Sur le front de la presse, la situation est tendue en cette fin d'année. En atteste l'arrêt du journal gratuit CNews, le 30 novembre 2021. Parmi les motifs de ce renoncement à l'impression de 760 000 exemplaires, le « coup fatal » d'une forte hausse du prix du papier. Les papetiers avaient imposé une première augmentation de l'ordre de 6 % à 20 % au 1er septembre. Elle s'est encore accrue. La raison ? La consommation globale du papier depuis quinze ans a baissé de 5 % par an et a donc été divisée par deux. La filière s'est réorganisée autour de la production de carton, qui augmente de 7 % par an, pour satisfaire l'e-commerce notamment. Et il n'existe plus en France qu'une usine de papier journal.

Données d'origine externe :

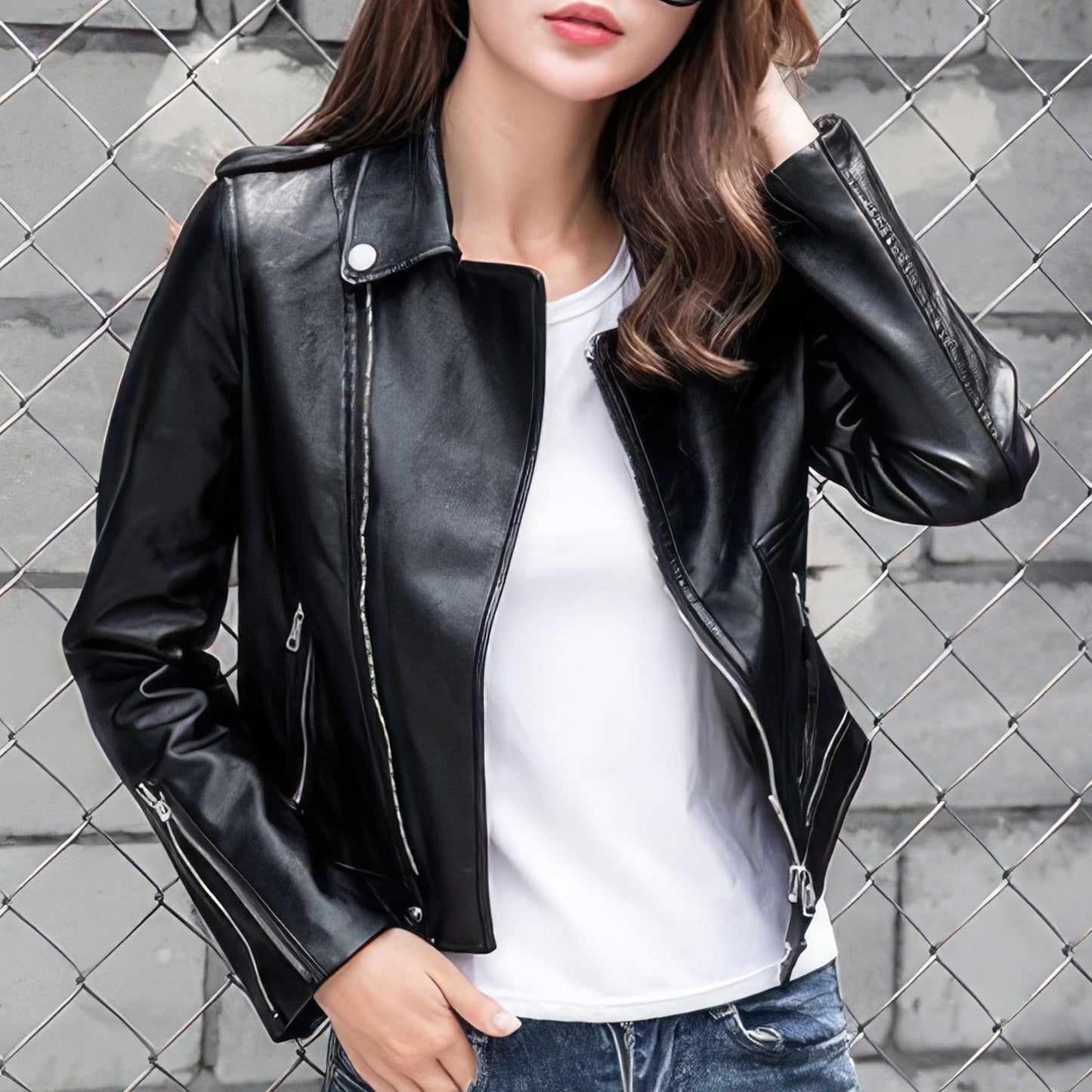Women’s Black Biker Genuine Sheepskin Lapel Collar High Street Punk Motor Café Racer Retro Asymmetric Smooth Leather Jacket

« On vit avec peu de stocks, ceux que notre surface financière nous permet d'avoir. Et l'on est en recherche de papier de manière plus active qu'habituellement, reconnaît Frédéric Daruty, président de 20 minutes. On est obligé de jongler entre davantage de papetiers et nos délais sont très courts. »

Une augmentation de 40 %

Qui dit pénurie dit flamblée des prix. « Nous n'avons pas de problème d'approvisionnement pour l'instant, observe Louis Dreyfus, président du directoire du groupe Le Monde. Mais l'augmentation du prix de la tonne de papier entre le 1er juillet 2012 et le 1er janvier 2022 est de 40 %. Cela est lié à la réduction du tiers des capacités de production en Europe au deuxième semestre 2021. Pour 2022, l'impact est de 4 millions d'euros pour notre groupe. Et cela se double d'une augmentation du prix du gaz et de l'électricité, multipliée par cinq entre 2020 et 2021, au cœur d'une production énergivore. »

Faut-il diminuer les paginations ? Augmenter les prix de vente ? Toutes les mesures sont à l'étude. « Nous ne réduirons pas la pagination du Monde, surtout en année présidentielle quand nos lecteurs attendent un renforcement éditorial, assure Louis Dreyfus. Mais nous sommes en réflexion sur la pagination pour les magazines et sur les prix de vente. » Le dossier est aussi brûlant du côté de Prisma Media, premier groupe de presse magazine. L'éditeur est en pleine négociation avec les papetiers, selon nos informations. Des pistes de réflexion que nous confirme Eric Carle, directeur Helio Print de Riccobono Imprimeurs : « Les stocks de vieux papiers qui servent à imprimer des journaux fabriqués avec du papier recyclé à près de 100 % ont été épuisés pendant les périodes de confinement. Pour 2022, les magazines pensent à diminuer leur pagination et leur volume de production, voir à changer de format pour optimiser leur consommation de papier. » Le print se paye au prix fort.

Le prospectus dans l'œil du cyclone

La crise du papier touche aussi le prospectus. À tel point qu’elle met en tension le retail. « Du fait de son efficacité ce média représente près de 50% des investissements marketing des grandes enseigne, et peut apporter 5 à 10% du chiffre d’affaires incrémental d’un magasin », précise Laurent Landel, CEO de Bonial France (Axel Springer). La pâte à papier compte pour 50 % du coût global de la réalisation d’un prospectus, par ailleurs visé par le dispositif « No Pub » de la loi Climat. De telles évolutions touchent au cœur du business model de magasins qui, au-delà des négociations, accélèrent leur stratégie de digitalisation.